Fiscal Space for Children and Human Capital in Eastern and Southern Africa

Options and strategic entry points to address investment gaps in 16 countries


UNICEF initiated a multi-country initiative to better understand the dynamics of investing in human capital in the Eastern and Southern Africa region (ESAR). The project sought to identify potential opportunities for governments to increase expenditure on the sectors that matter most for children and to close critical investment gaps while maintaining fiscal sustainability (through fiscal space analyses), as well as to pinpoint entry points for UNICEF to more effectively influence government spending decisions (through political economy analyses).
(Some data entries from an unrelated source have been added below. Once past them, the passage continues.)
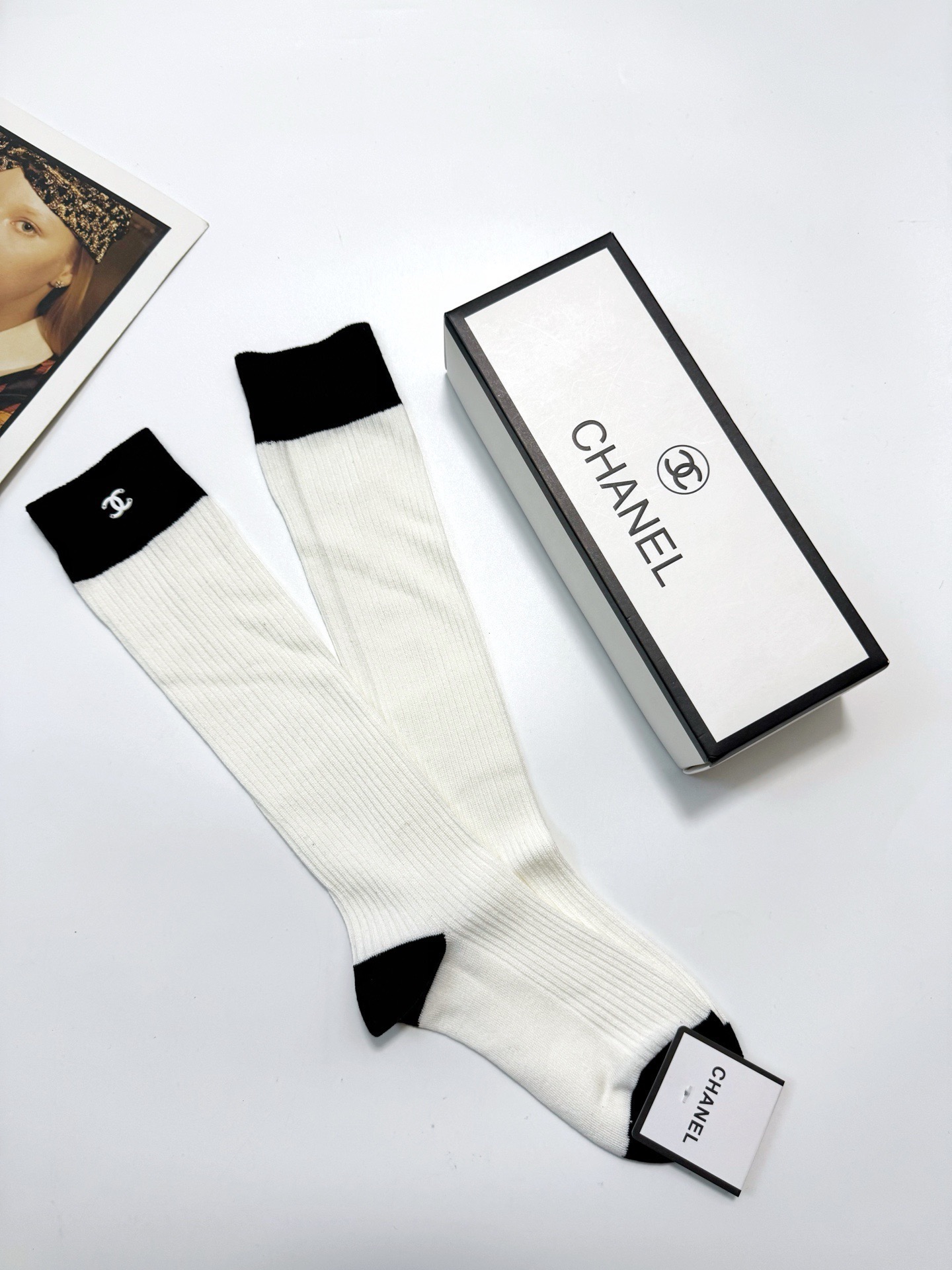 P55  配包装
🌟【一盒一双】
🌟Chanel 香奈儿 经典重工手缝字母logo 纯棉中筒袜 小腿袜 
🌟ins爆款！专柜在售ing 🌟好看到爆炸 ！🌟超高品质！经典不过时！潮人必不能少的专柜代购品质 ，巨好穿！推荐推荐推荐～～必入小单品！！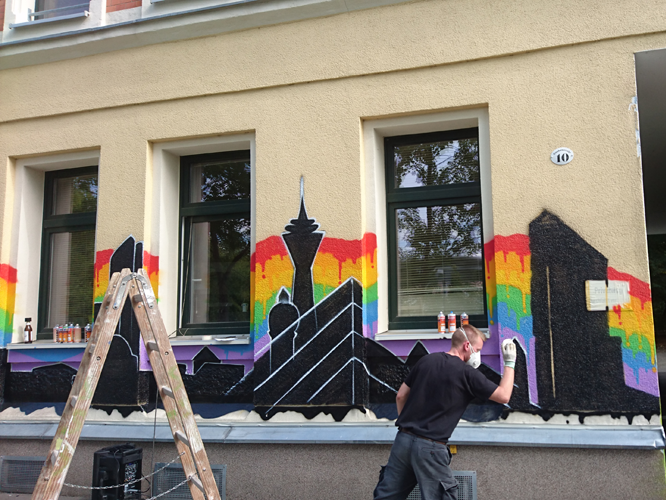 Bild: Neugestaltete Fassade des Vereins „different people“ in Chemnitz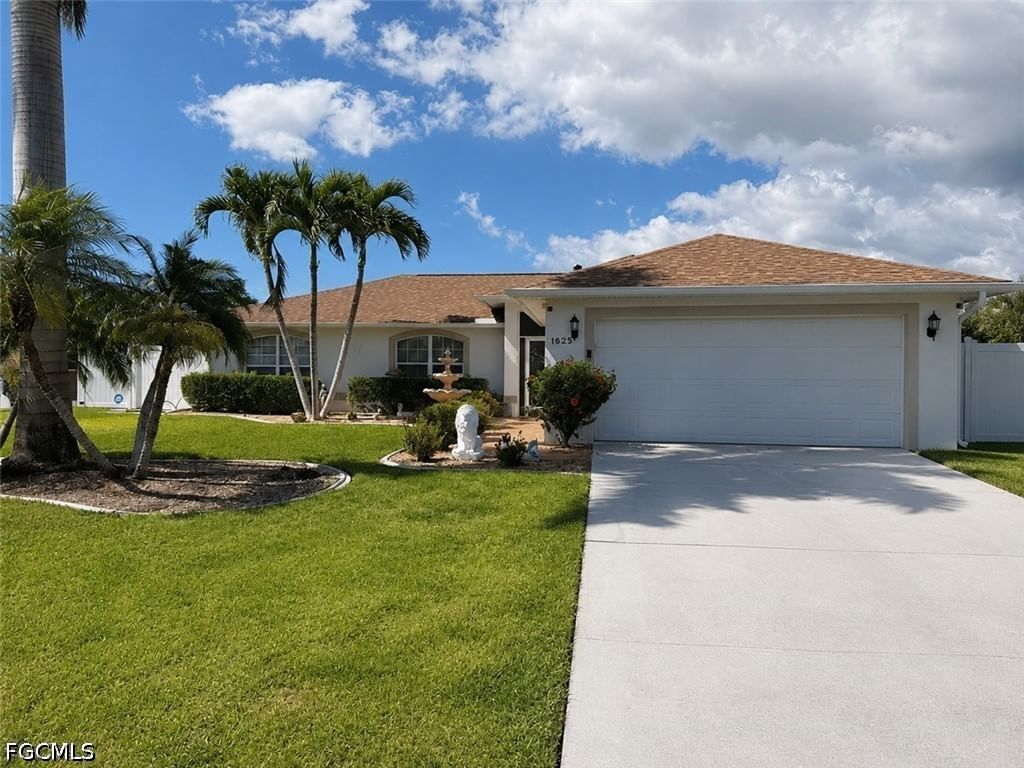 1825 SE 12th Terrace, Cape Coral, FL 33990 photo 2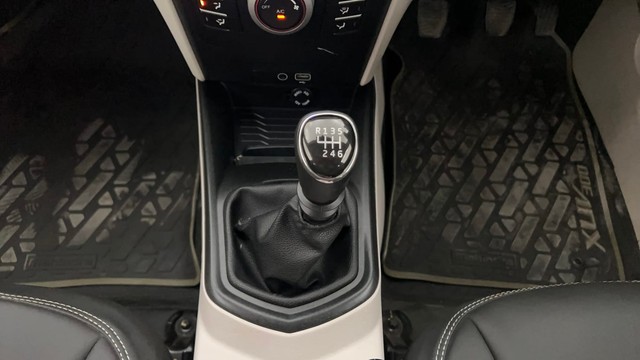 Second-hand 2023 Mahindra XUV300 W6 Diesel for sale in Pune-12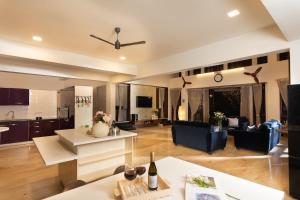 Nirvana Luxurious Pool Garden Villa in Vasai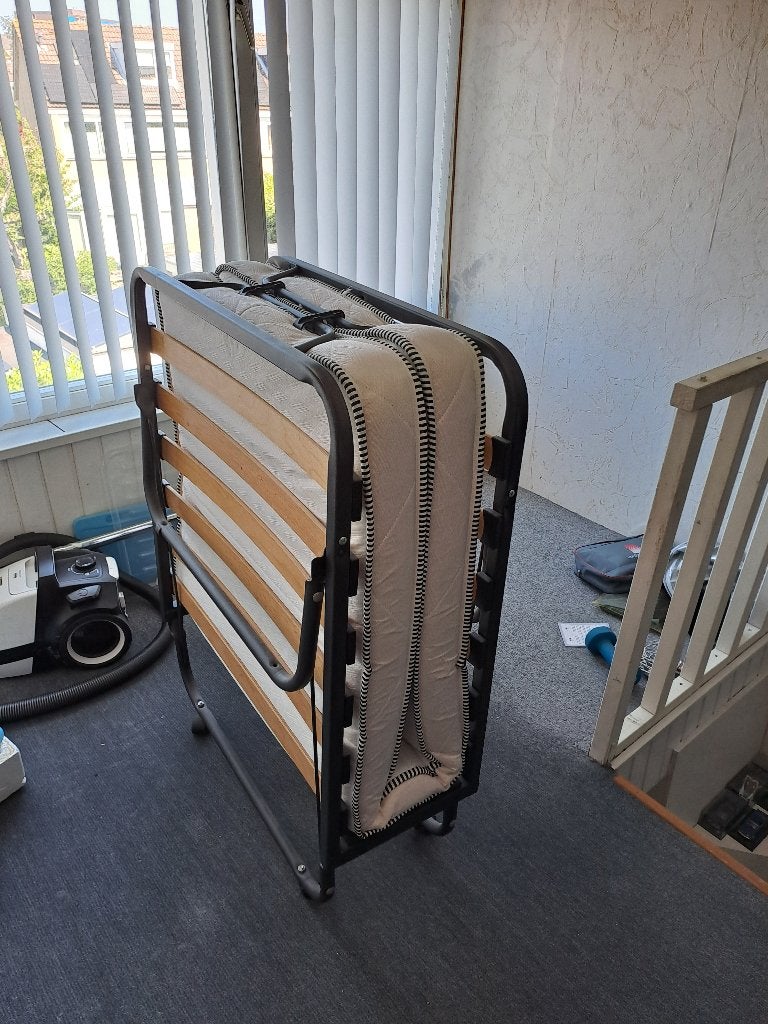 Logeerbed, Eenpersoons, Zwart, Zo goed als nieuw, 80 cm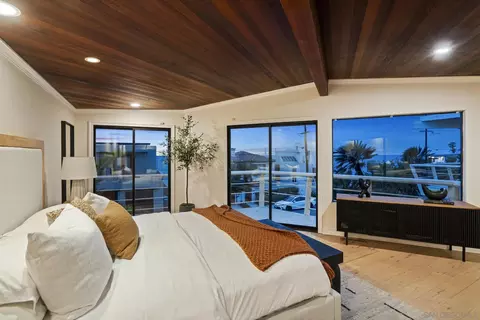 Bedroom - 5567 Calumet Ave, La Jolla, CA 92037 photo 8 of 8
In total, fiscal space and political economy analyses were carried out in 16 countries in ESAR between 2016 and 2018.

Drawing on information from the country studies as well as from global databases, four key findings emerge:

  1. Investment in core human capital sectors is expected to slightly decrease in ESAR in the near term, although there are significant variations across countries.
  2. All countries have at least one very strong option to boost related investments – reprioritizing the budget, increasing domestic revenue and improving the efficiency of spending are the most promising avenues, while attracting greater foreign aid and cracking down on illicit financial flows are good approaches in sub-groups of countries.
  3. Each fiscal space opportunity faces strong headwinds, which range from the challenges of influencing the politics that underlie the budget process to the complexities of strengthening tax administrative capacity and stifling corruption.
  4. There are many opportunities for UNICEF to support the scaling up of child-focused investment throughout the budget cycle as well as by supporting improved budget transparency and accountability practices.

In addition to presenting fiscal space country profiles that can form the basis of national financing strategies, the report identifies specific entry points for UNICEF and partners to alter investment trajectories and hence transform children’s lives and the economic and social outlooks of their countries.